**ABOUT THIS TASK**
Please repeat, exactly and without pictures, the lines of the entries below that run from the one containing "2026年最新】ユッカロストラータの人気アイテム - メルカリ" through the one containing "10565172_595486667216948_3666197011637939217_n".

**RECORDS**
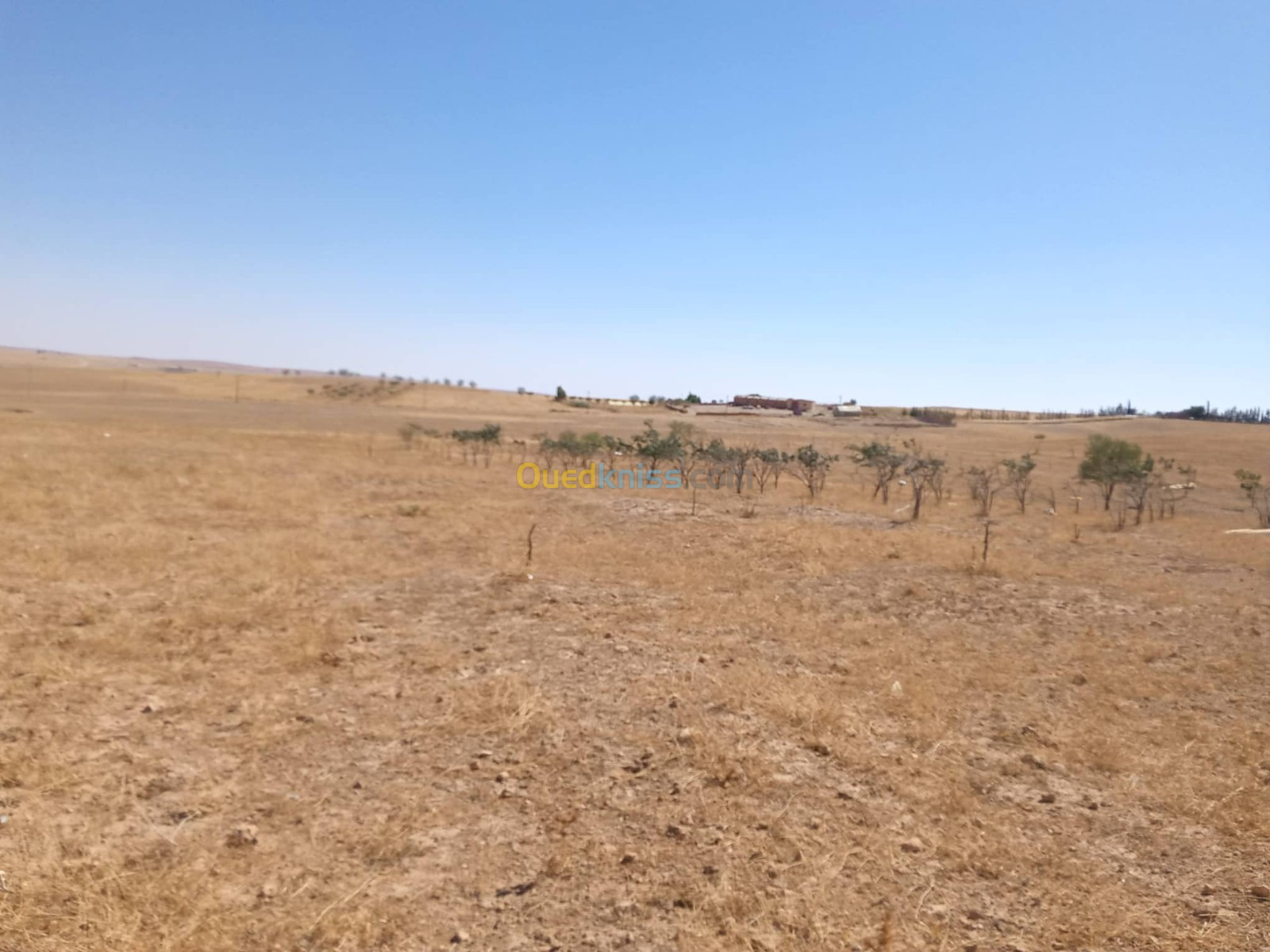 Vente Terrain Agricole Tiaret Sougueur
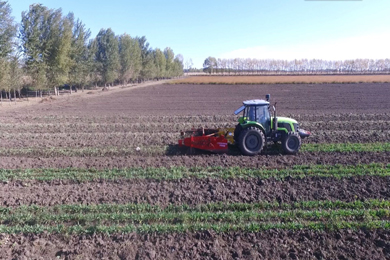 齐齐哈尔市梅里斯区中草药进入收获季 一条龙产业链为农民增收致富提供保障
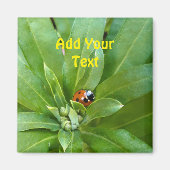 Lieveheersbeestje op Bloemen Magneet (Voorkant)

--

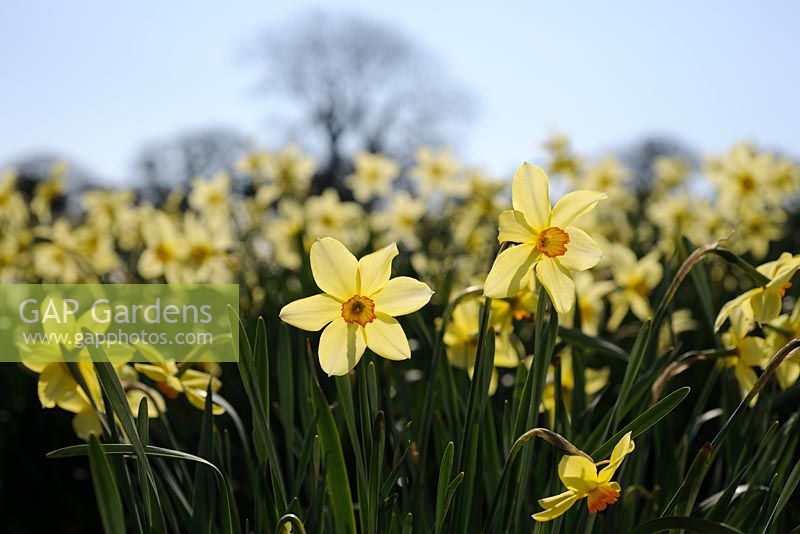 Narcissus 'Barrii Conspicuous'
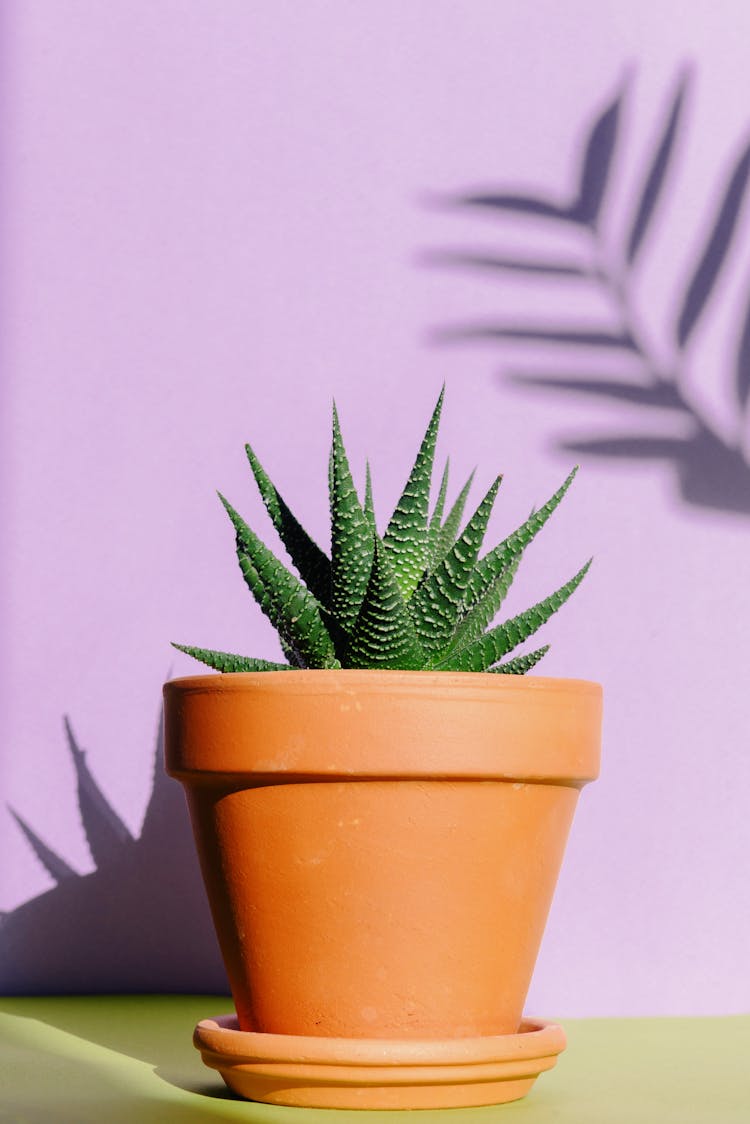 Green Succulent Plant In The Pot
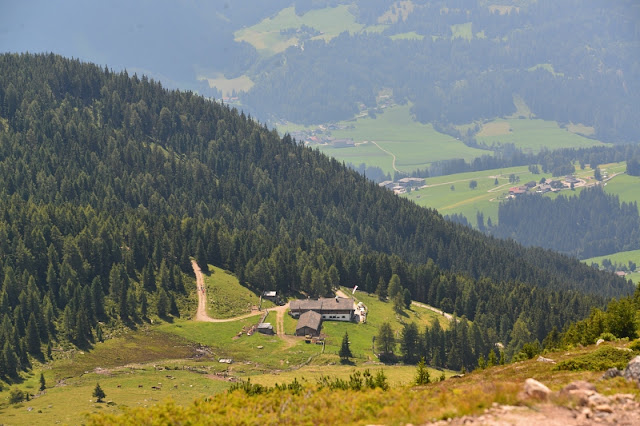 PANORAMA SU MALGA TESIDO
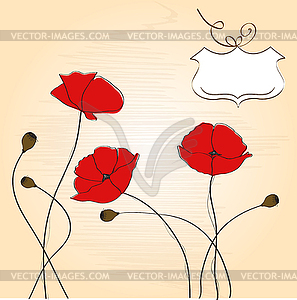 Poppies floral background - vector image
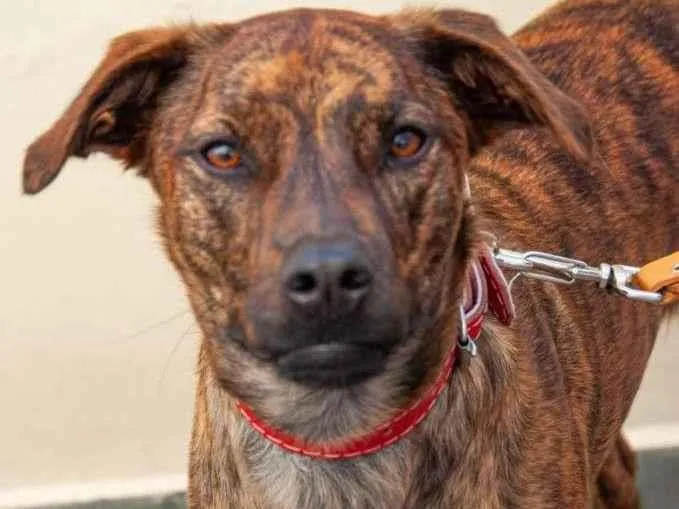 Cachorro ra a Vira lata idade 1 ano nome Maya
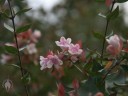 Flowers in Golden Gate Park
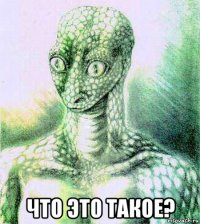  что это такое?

* * *

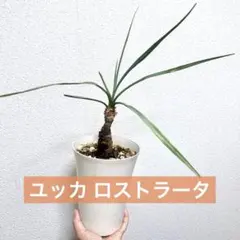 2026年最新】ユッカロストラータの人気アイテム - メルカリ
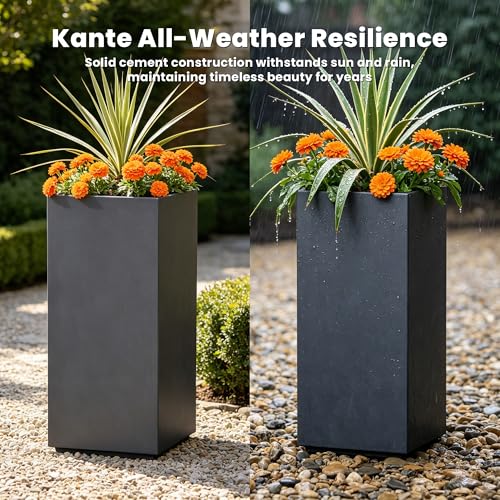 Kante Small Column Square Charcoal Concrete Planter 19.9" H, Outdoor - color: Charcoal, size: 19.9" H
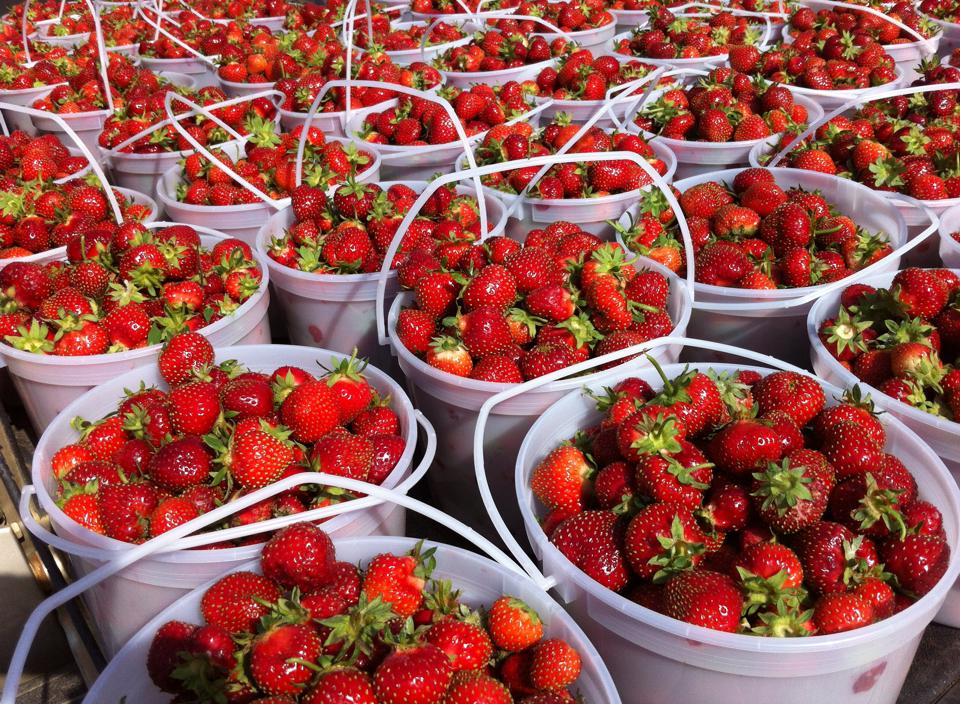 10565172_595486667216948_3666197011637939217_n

**ANSWER FOR THE TASK**
 2026年最新】ユッカロストラータの人気アイテム - メルカリ
 Kante Small Column Square Charcoal Concrete Planter 19.9" H, Outdoor - color: Charcoal, size: 19.9" H
 10565172_595486667216948_3666197011637939217_n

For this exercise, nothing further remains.